Large Negative Thermal Expansion Induced by Synergistic Effects of Ferroelectrostriction and Spin Crossover in PbTiO3-Based Perovskites
- Wuhan Univ. of Science and Technology. Wuhan (China); Tokyo Inst. of Technology, Yokohama (Japan)
- Univ. of Science and Technology Beijing, Beijing (China)
- Tokyo Inst. of Technology, Yokohama (Japan)
- Central Univ. of Tamil Nadu, Tamil Nadu (India)
- Univ. of Padova, Padova (Italy)
- Argonne National Lab. (ANL), Argonne, IL (United States)
- National Institute of Standards and Technology (NIST), Gaithersburg, MD (United States)
- Wuhan Univ. of Science and Technology. Wuhan (China)
The discovery of unusual negative thermal expansion (NTE) provides the opportunity to control the common but much desired property of thermal expansion, which is valuable not only in scientific interests but also in practical applications. However, most of the available NTE materials are limited to a narrow temperature range, and the NTE effect is generally weakened by various modifications. Here, we report an enhanced NTE effect that occurs over a wide temperature range ($$\overline{αV}$$ = -5.24 × 10-5 °C-1, 25-575 °C), and this NTE effect is accompanied by an abnormal enhanced tetragonality, a large spontaneous polarization, and a G-type antiferromagnetic ordering in the present perovskite-type ferroelectric of (1-x)PbTiO3-xBiCoO3. Specifically, for the composition of 0.5PbTiO3-0.5BiCoO3, an extensive volumetric contraction of ~4.8 % has been observed near the Curie temperature of 700 °C, which represents the highest level in PbTiO3-based ferroelectrics.
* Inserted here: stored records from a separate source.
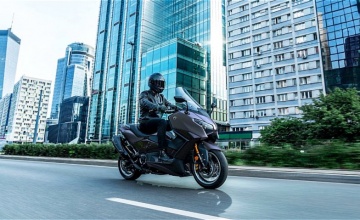 Jadi Kado Spesial di Awal Tahun, Yamaha Resmi Jual Skutik Premium TMAX di Indonesia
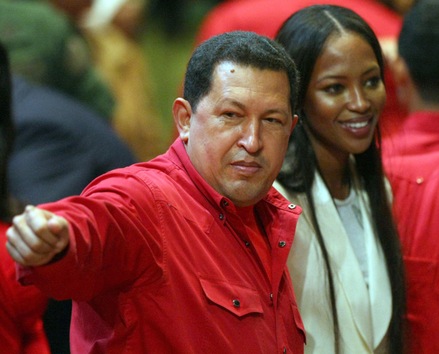  31 de octubre de 2007. Hugo Chávez habla con su huésped, la modelo británica Naomi Campbell, antes de una ceremonia en el teatro Teresa Carreño de Caracas. © AFP Juan Barreto 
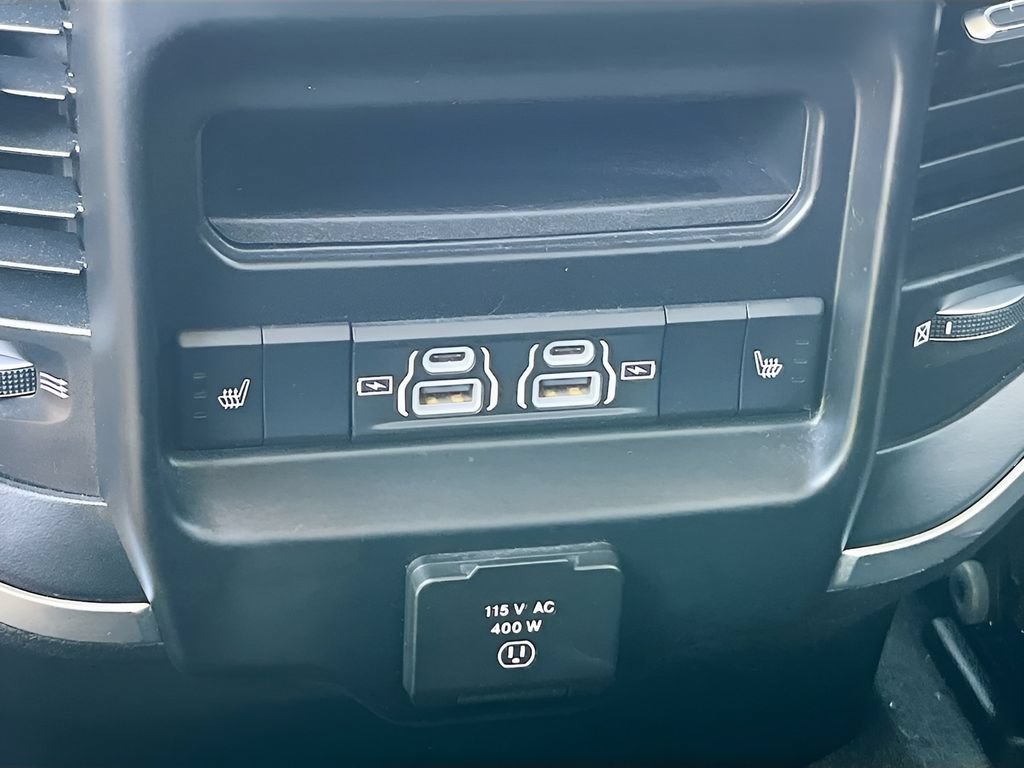 Used 2021 RAM 1500 Laramie AWD/4WD image 26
According to our experimental and theoretical results, the large NTE originates from a synergistic effect of the ferroelectrostriction and spin crossover of cobalt on the crystal lattice. The actual NTE mechanism is contrasted with previous functional NTE materials, in which the NTE is simply coupled with one ordering such as electronic, magnetic, or ferroelectric ordering. In conclusion, the present study sheds light on the understanding of NTE mechanisms, and it attests that NTE could be simultaneously coupled with different orderings, which will pave a new way toward the design of large NTE materials.
- Research Organization:
- Argonne National Lab. (ANL), Argonne, IL (United States)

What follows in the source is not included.